Question

Parsing dataframe and sort a fasta file

0

Entering edit mode

5.9 years ago

Chvatil ▴ 130

Hi all, I need some help. In fact in the contexte of my work I have a dataframe of seq names paired together, in each row there is one column for the seq_id of the sp1 and one fore the seq _idof the sp2. In another hand I have two fasta files which contain all these sequences (same seq Id) + the sequences in fasta format. But in these files sequences are totaly mixed and what I need to do is to reorganize two new fasta file by parsing my dataframe and say, ok for each row, put the seqx_A in fasta file 1 and seqx_B in fasta file 2. By keeping the order in the dataframe. Here is an exemple:

I actually have one dataframe with sequences in order such :

Seq_1.id    Seq_2.id
seq1_A     seq8_B
seq2_A     Seq9_B
seq3_A     Seq10_B
seq4_A     Seq11_B

and two fasta files such : first one:

>Seq11_B
ACTG
>seq8_B
ATGC
>seq3_A
ACTG
>seq2_A
ATGC

second one: 
>seq4_A
 ACTG
>seq1_A
 ACTG
>Seq10_B
 ATGC
>Seq9_B
 ATCG

As you can see _A and _B are mixed in bot fasta file but I would like to order my fastafiles by creating a new ones and put all seq A in a file and all seqB in another file in the same order as in the dataframe (paires sequence as always to be added in the same time in the file). here would be the output of the exemple:

fasta1:

>seq1_A
ATGC
>seq2_A 
ATGG
>seq3_A 
ATGC
>seq4_A 
ATGC

and fasta2:

>seq8_B
ATGc
>Seq9_B
ATGC
>Seq10_B
ATGC
>Seq11_B
ATGC

Here would be the name of the files:

candidate_df.read_csv("dn_ds.out_test",sep='\t')

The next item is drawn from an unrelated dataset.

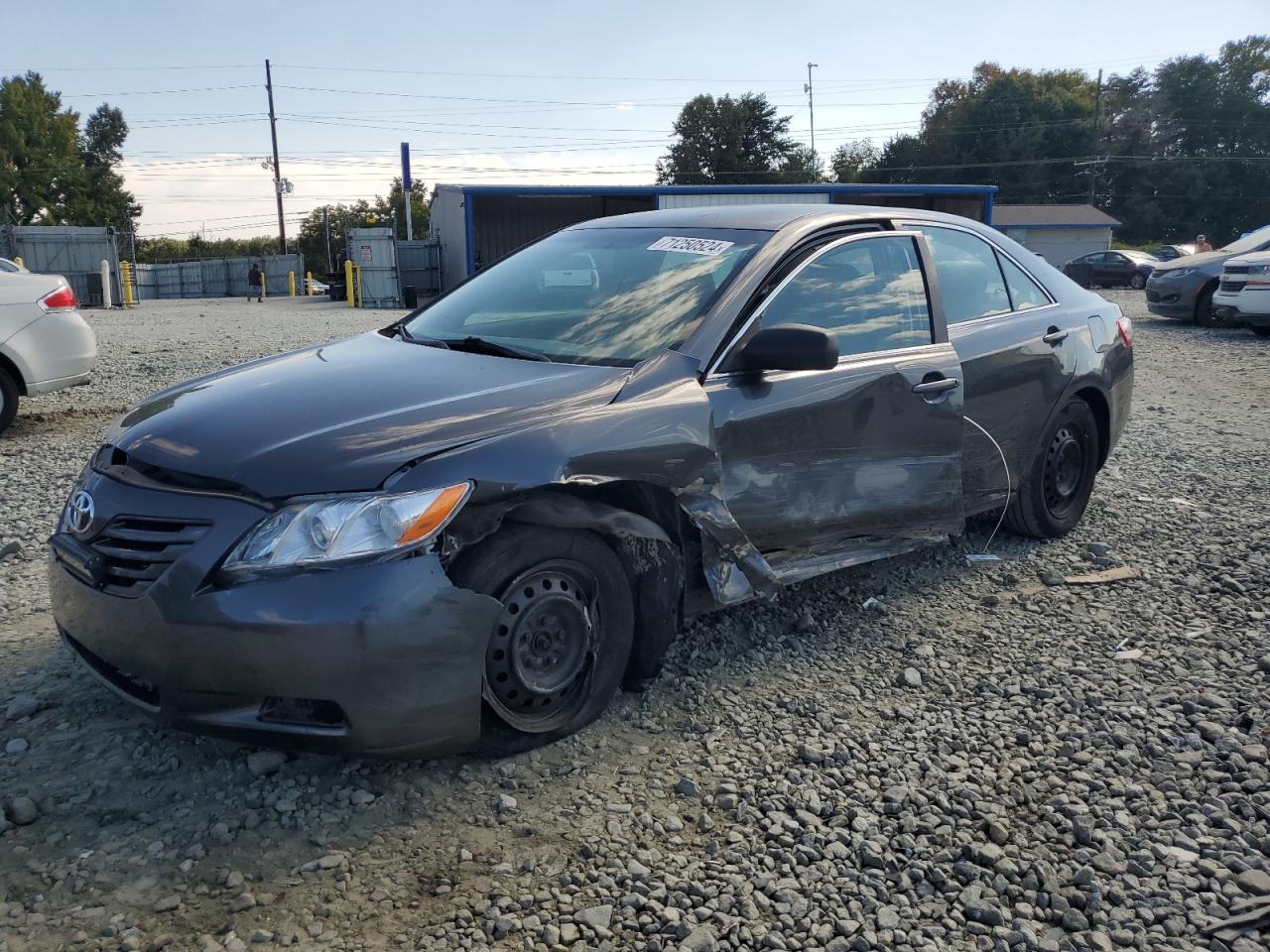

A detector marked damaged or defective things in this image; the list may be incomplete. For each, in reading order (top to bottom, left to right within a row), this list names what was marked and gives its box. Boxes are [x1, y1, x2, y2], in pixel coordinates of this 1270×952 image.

#--------------------------------------
#Load the sequences comming from the cluster filtering and range them into ordered files per species

#here is the two columns of the dataframe
seq1_id=candidate_df["seq1_id"]
seq2_id=candidate_df["seq2_id"]

#Here is the output desired files:
output_aa_sp1 = open('candidates_aa_0042.fasta','w')
output_aa_sp2 = open('candidates_aa_0035.fasta','w')


#Here are the 2 fasta file to be modified
record_dict_sp1_aa = SeqIO.to_dict(SeqIO.parse("result1_aa.fasta", "fasta"))
record_dict_sp2_aa = SeqIO.to_dict(SeqIO.parse("result2_aa.fasta", "fasta"))

Does someone have an idea?

Thank you :)

python pandas fasta • 9.2k views

ADD COMMENT • link updated 5.9 years ago by Bastien Hervé 5.3k • written 5.9 years ago by Chvatil ▴ 130

2

Entering edit mode

5.9 years ago

shenwei356 8.4k

You've finished half the code, next step is just iterating the seq1_id and check if one id exists in any of record_dict_sp1_aa or record_dict_sp2_aa and printing the result.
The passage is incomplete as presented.